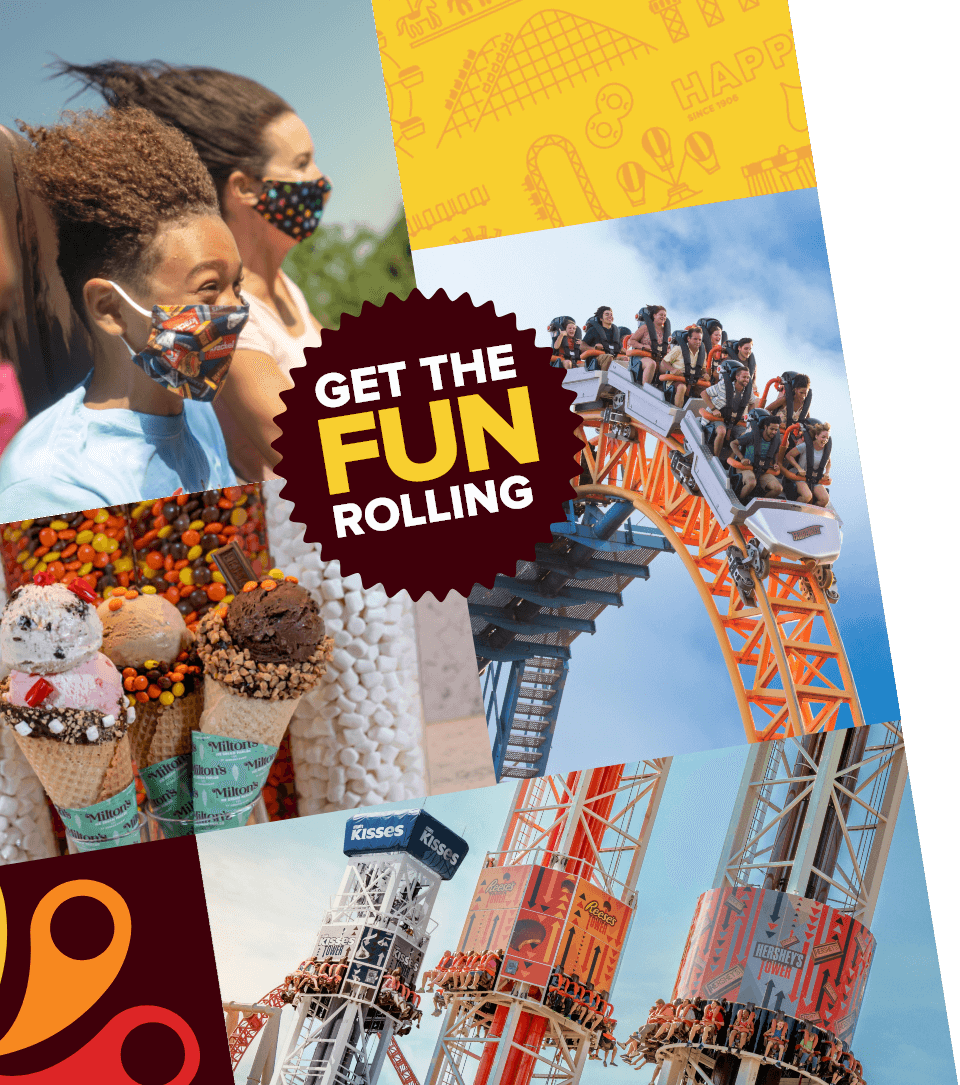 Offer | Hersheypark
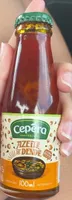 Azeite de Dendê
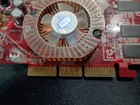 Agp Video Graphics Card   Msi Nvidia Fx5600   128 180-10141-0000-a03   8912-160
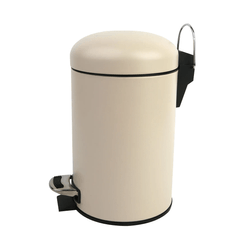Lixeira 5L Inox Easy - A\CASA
────────────────────────────────────────
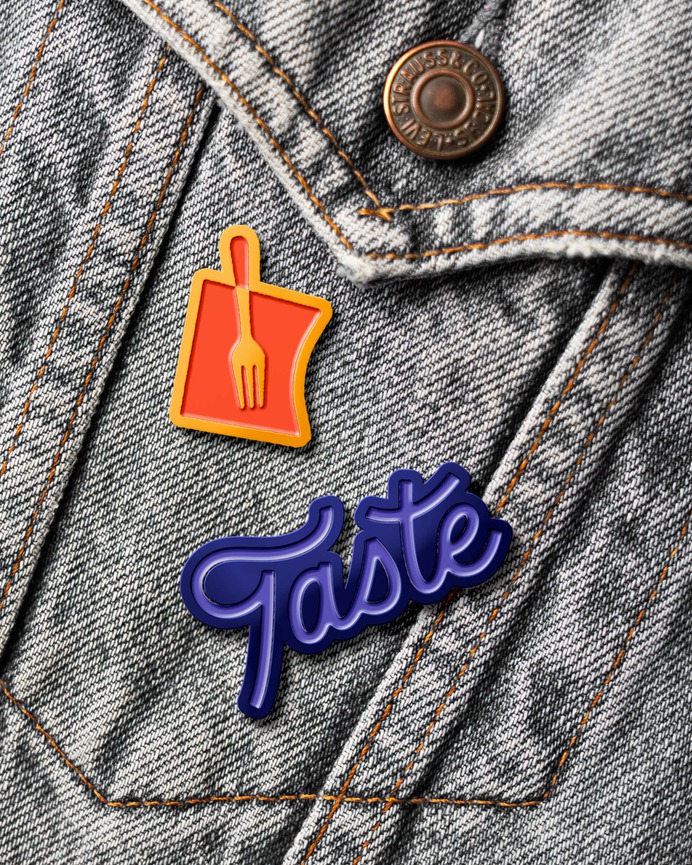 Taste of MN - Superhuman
────────────────────────────────────────
◆ EXERCISE ◆
Print, word for word, the lines above that run from the line containing "Offer | Hersheypark" to the line containing "Lixeira 5L Inox Easy - A\CASA", both included. Keep the pictures out.

◆ ANSWER SECTION ◆
 Offer | Hersheypark
 Azeite de Dendê
 Agp Video Graphics Card   Msi Nvidia Fx5600   128 180-10141-0000-a03   8912-160
Lixeira 5L Inox Easy - A\CASA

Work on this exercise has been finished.